_The problem_: Exclude the pictures, then quote exactly the lines from the one holding "Roomtery Blush Heart" through the last line of the records.

= = =

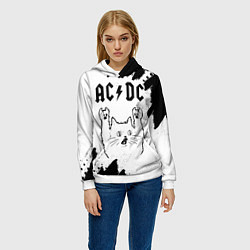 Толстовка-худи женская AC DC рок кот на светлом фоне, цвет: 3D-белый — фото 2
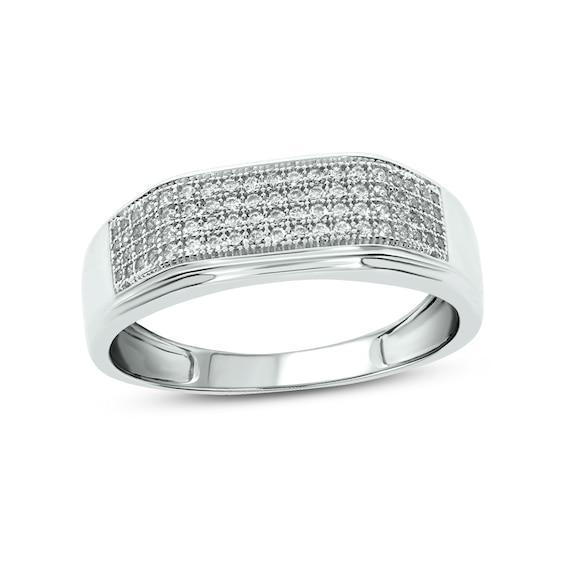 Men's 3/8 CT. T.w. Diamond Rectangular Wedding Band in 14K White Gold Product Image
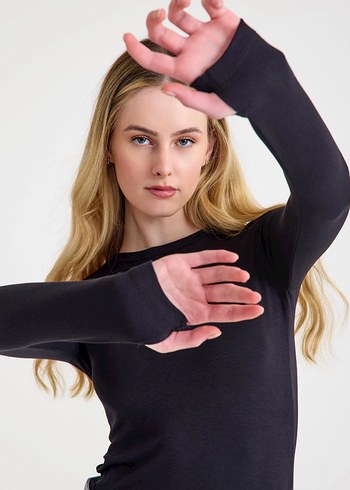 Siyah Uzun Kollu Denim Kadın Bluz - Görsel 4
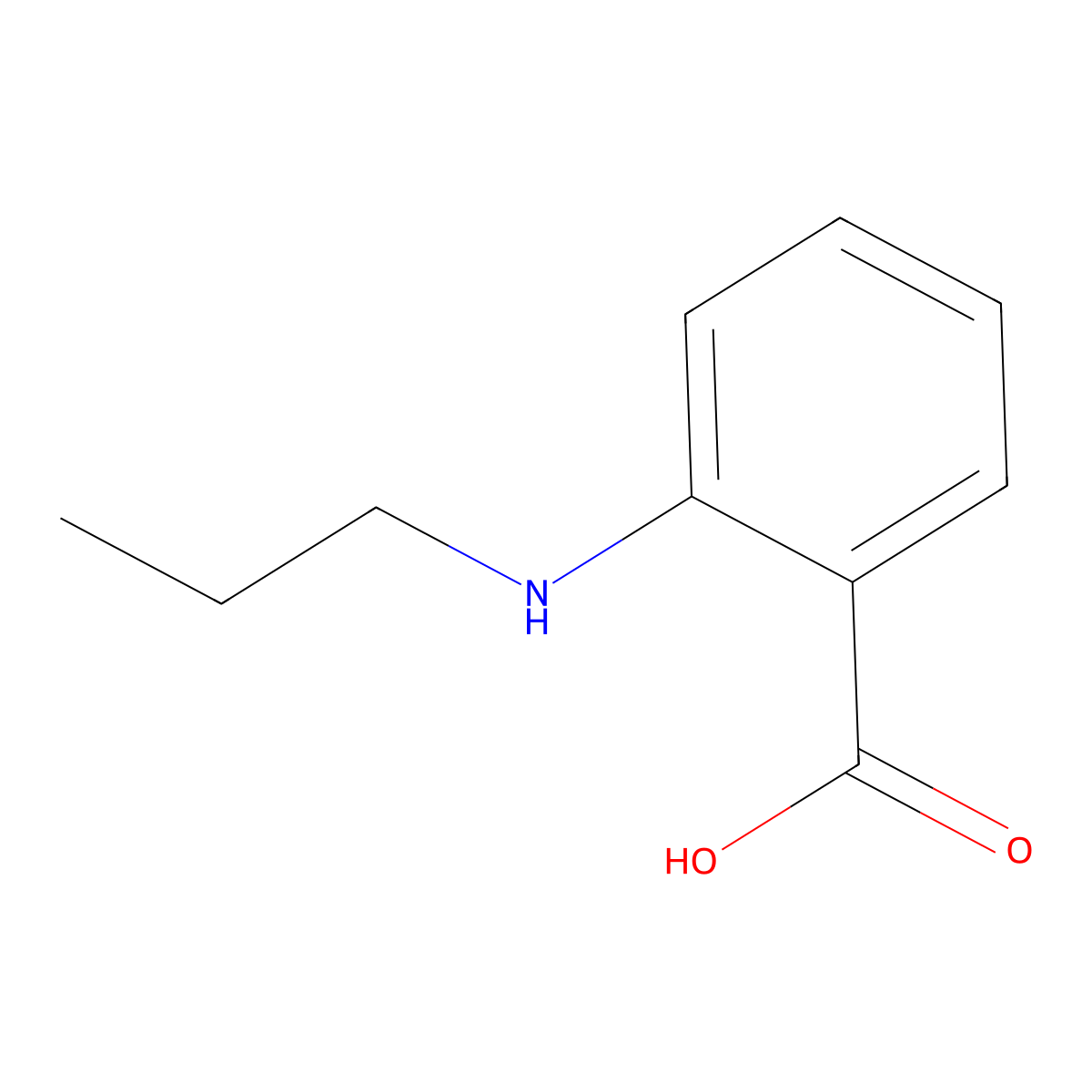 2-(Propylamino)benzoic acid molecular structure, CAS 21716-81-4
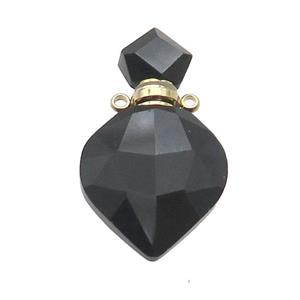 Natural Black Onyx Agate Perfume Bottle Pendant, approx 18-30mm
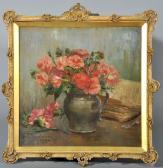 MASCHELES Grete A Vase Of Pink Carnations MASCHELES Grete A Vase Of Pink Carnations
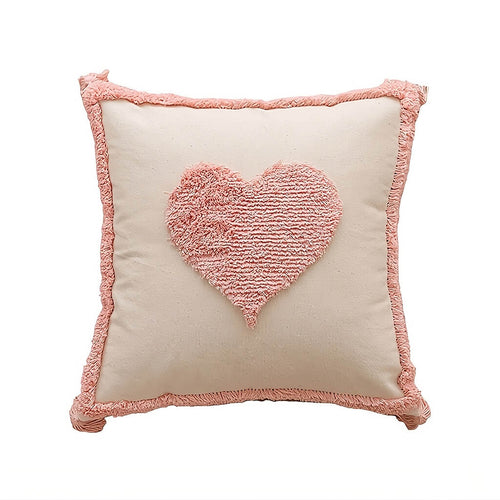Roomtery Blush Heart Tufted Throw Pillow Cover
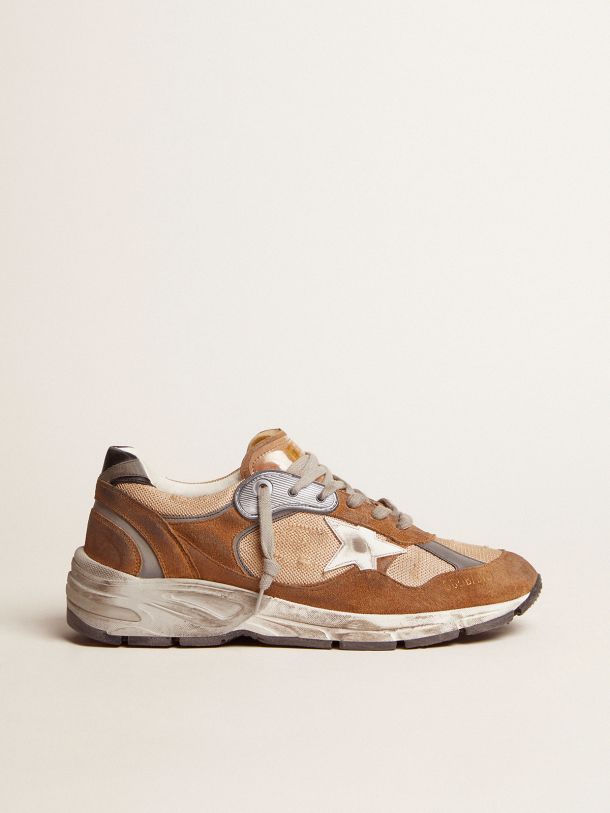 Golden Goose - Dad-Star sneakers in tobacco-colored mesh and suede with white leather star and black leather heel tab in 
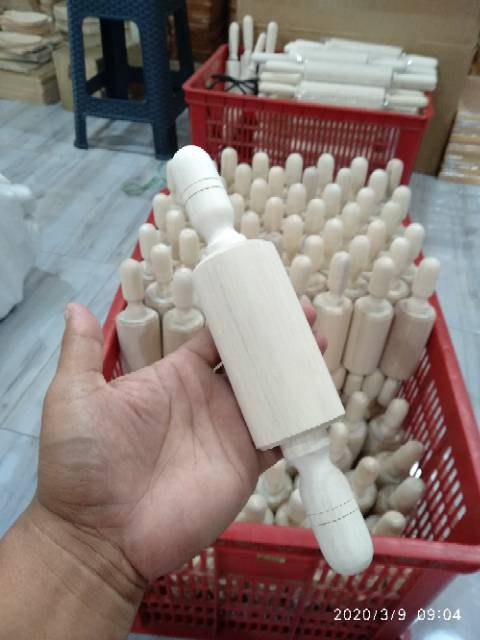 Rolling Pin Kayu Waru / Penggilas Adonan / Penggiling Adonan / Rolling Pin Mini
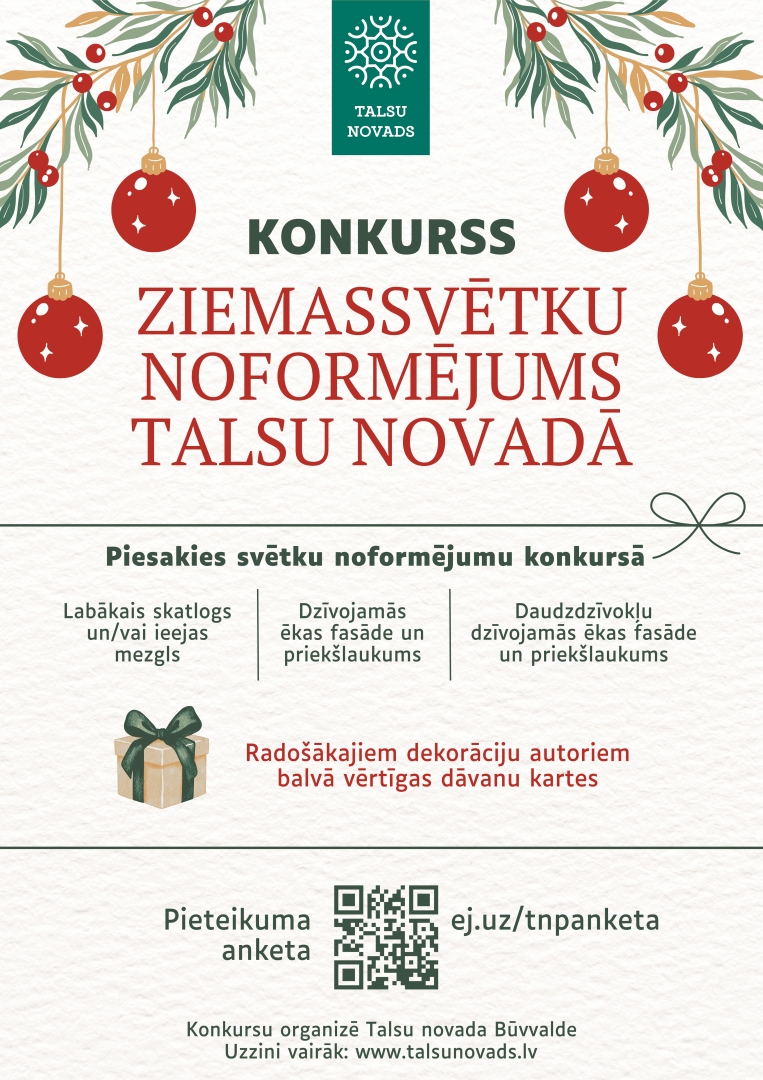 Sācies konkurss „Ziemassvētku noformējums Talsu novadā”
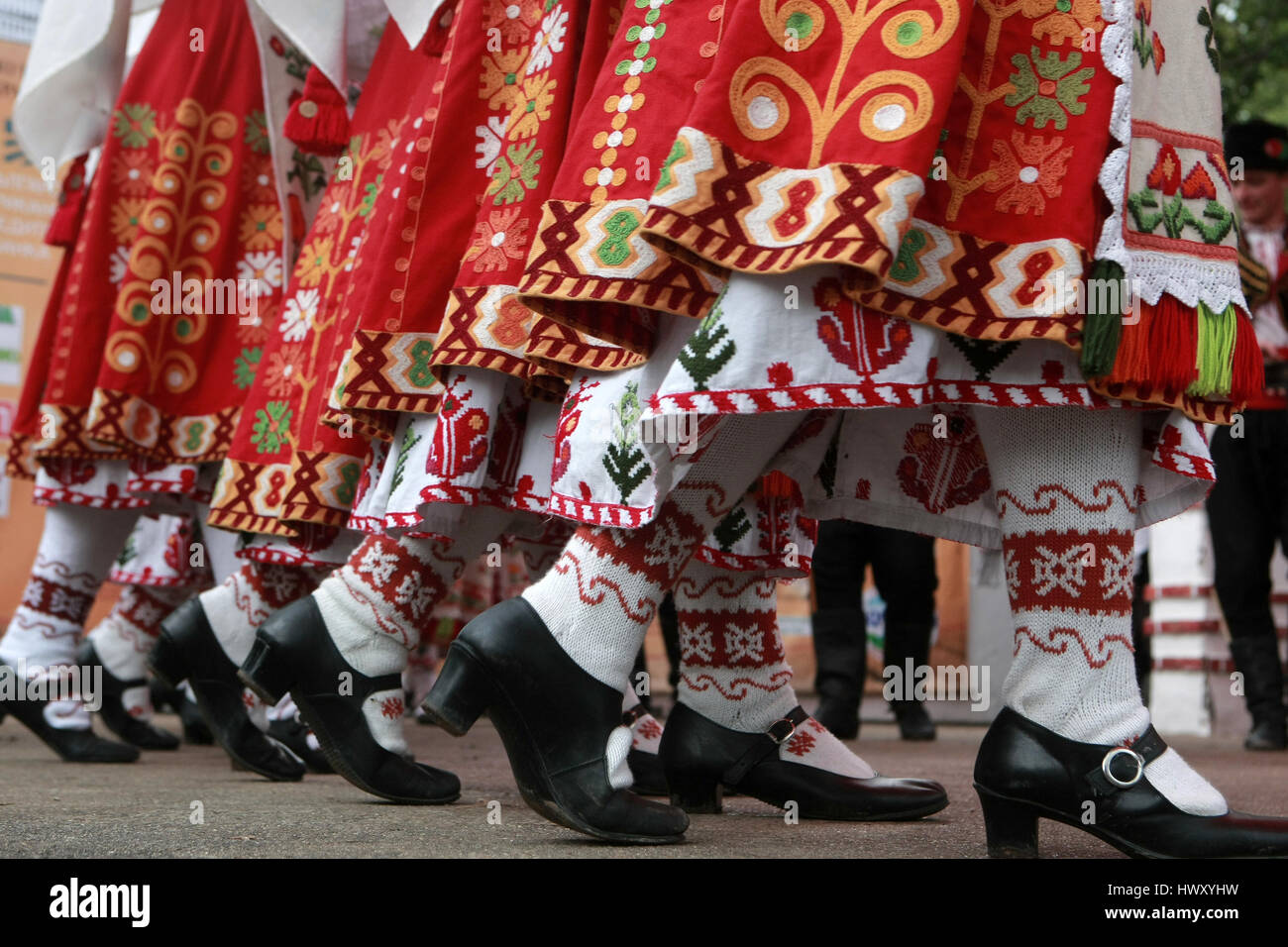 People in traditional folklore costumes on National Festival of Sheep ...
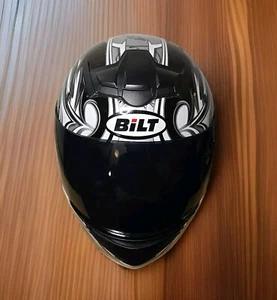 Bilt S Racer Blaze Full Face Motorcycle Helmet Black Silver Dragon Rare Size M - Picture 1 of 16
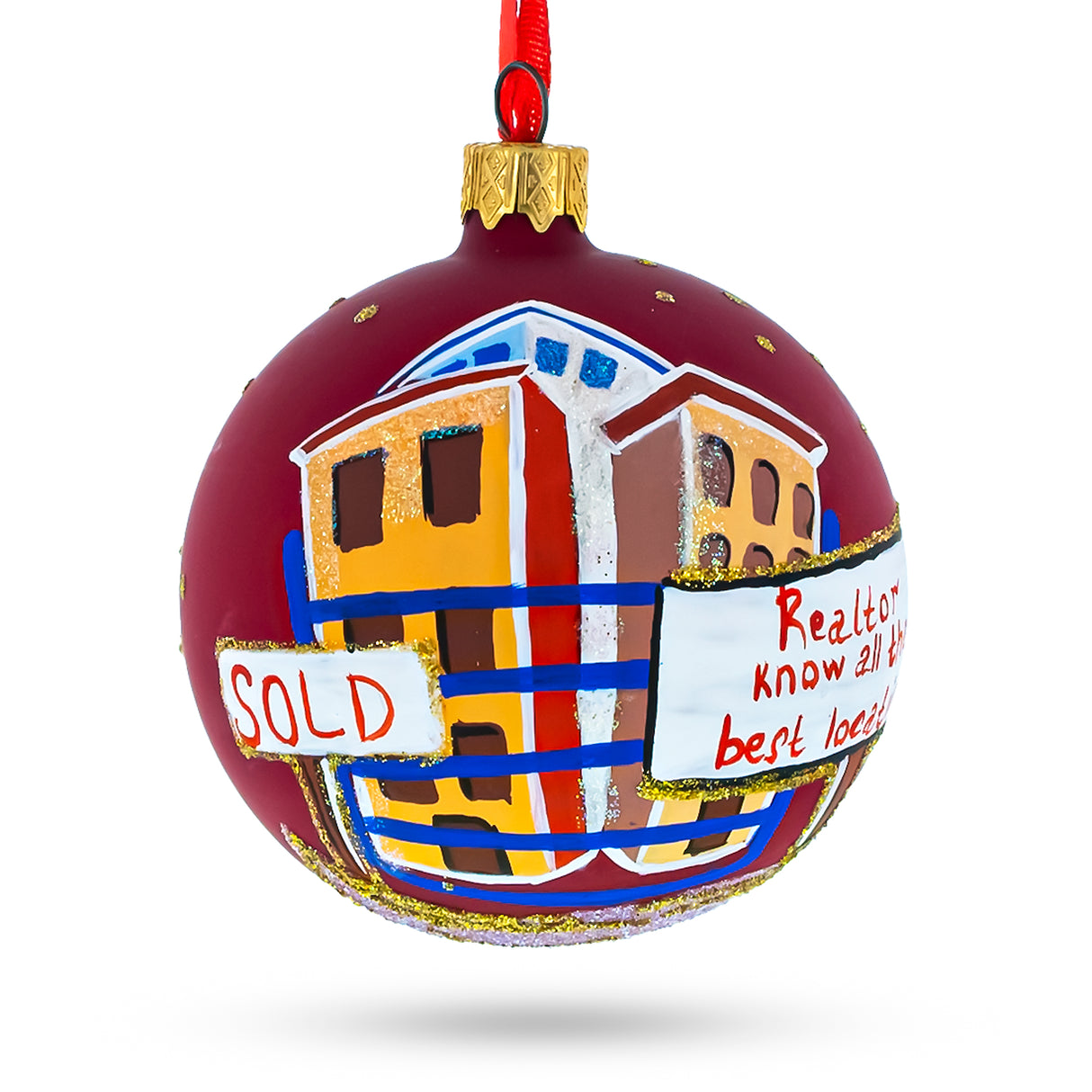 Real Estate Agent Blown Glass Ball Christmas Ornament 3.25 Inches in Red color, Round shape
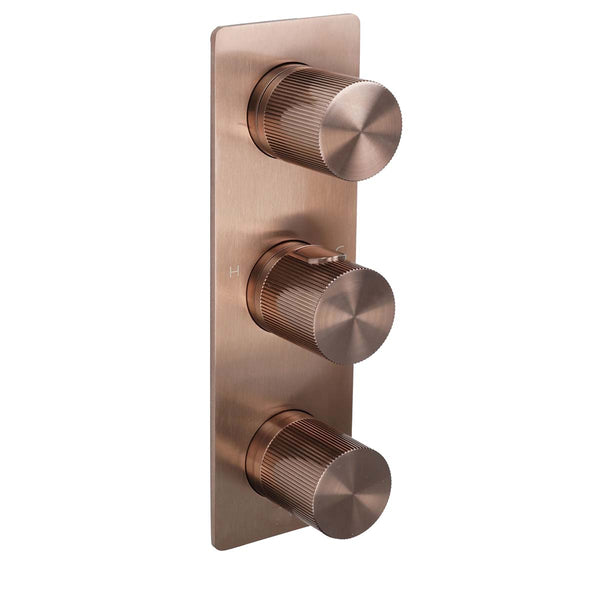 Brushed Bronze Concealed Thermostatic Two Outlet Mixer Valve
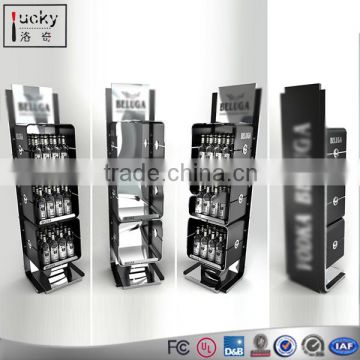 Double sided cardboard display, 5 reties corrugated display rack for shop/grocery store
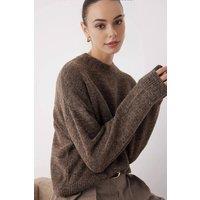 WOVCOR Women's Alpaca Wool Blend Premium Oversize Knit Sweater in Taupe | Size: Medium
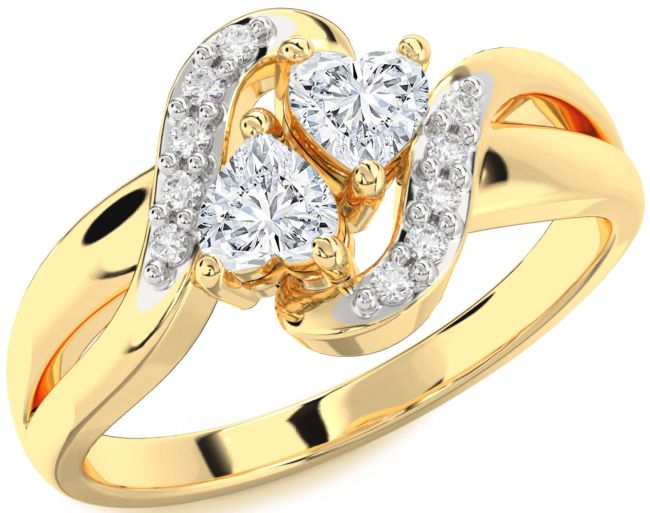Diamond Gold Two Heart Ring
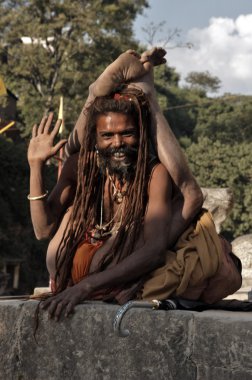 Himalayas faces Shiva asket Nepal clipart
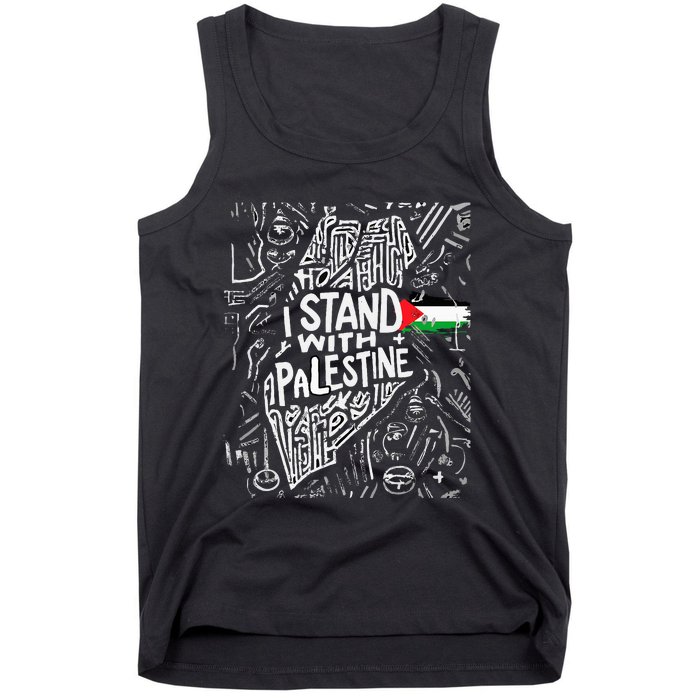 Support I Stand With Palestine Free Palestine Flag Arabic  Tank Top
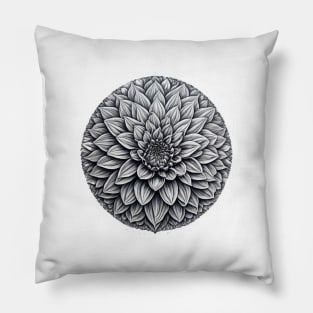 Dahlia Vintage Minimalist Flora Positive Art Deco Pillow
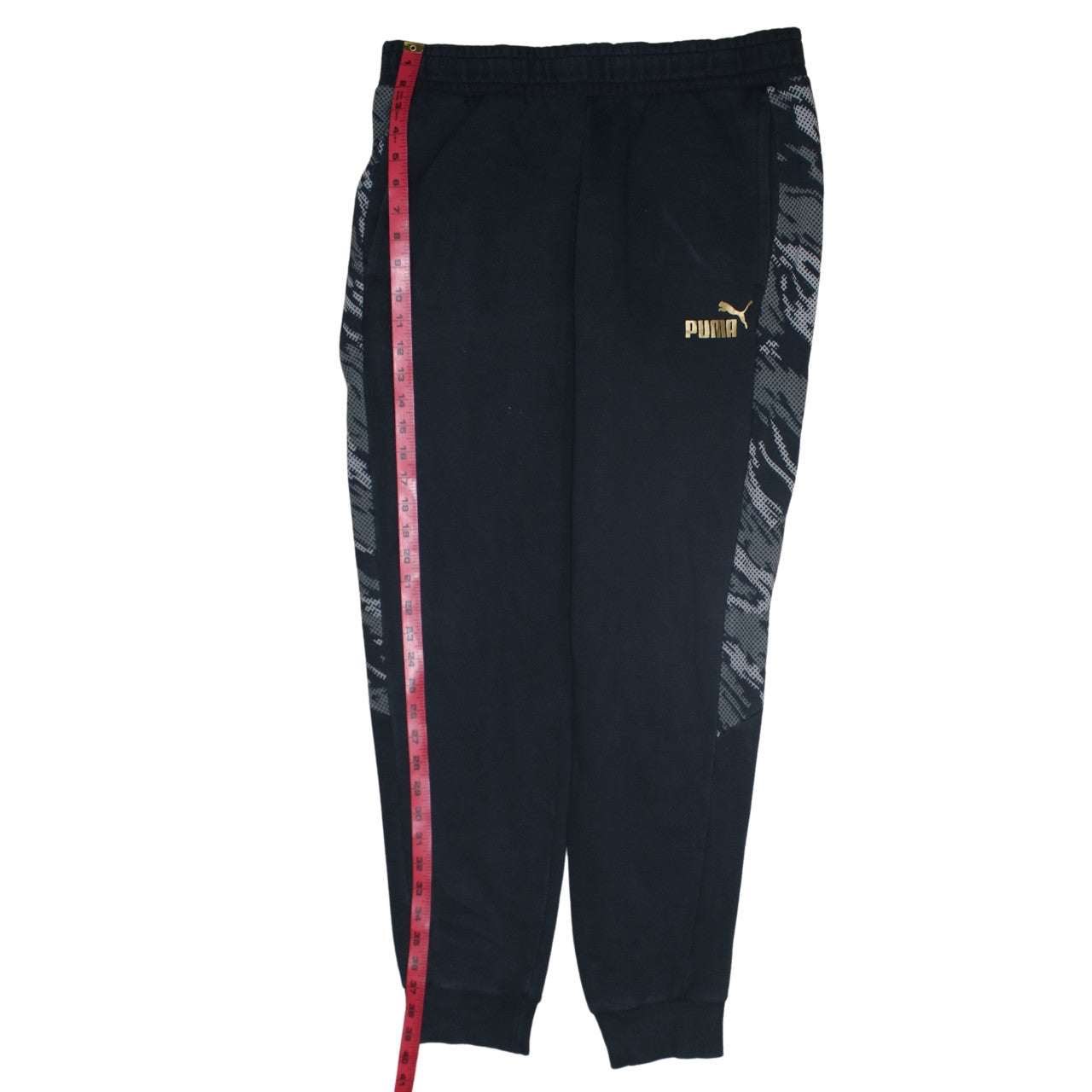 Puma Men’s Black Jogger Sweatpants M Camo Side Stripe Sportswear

= = =

_Reply_:
Roomtery Blush Heart Tufted Throw Pillow Cover
 Golden Goose - Dad-Star sneakers in tobacco-colored mesh and suede with white leather star and black leather heel tab in 
 Rolling Pin Kayu Waru / Penggilas Adonan / Penggiling Adonan / Rolling Pin Mini
 Sācies konkurss „Ziemassvētku noformējums Talsu novadā”
 People in traditional folklore costumes on National Festival of Sheep ...
 Bilt S Racer Blaze Full Face Motorcycle Helmet Black Silver Dragon Rare Size M - Picture 1 of 16
 Real Estate Agent Blown Glass Ball Christmas Ornament 3.25 Inches in Red color, Round shape
 Brushed Bronze Concealed Thermostatic Two Outlet Mixer Valve
 Double sided cardboard display, 5 reties corrugated display rack for shop/grocery store
 WOVCOR Women's Alpaca Wool Blend Premium Oversize Knit Sweater in Taupe | Size: Medium
Diamond Gold Two Heart Ring
 Himalayas faces Shiva asket Nepal clipart
 Support I Stand With Palestine Free Palestine Flag Arabic  Tank Top
 Dahlia Vintage Minimalist Flora Positive Art Deco Pillow
 Puma Men’s Black Jogger Sweatpants M Camo Side Stripe Sportswear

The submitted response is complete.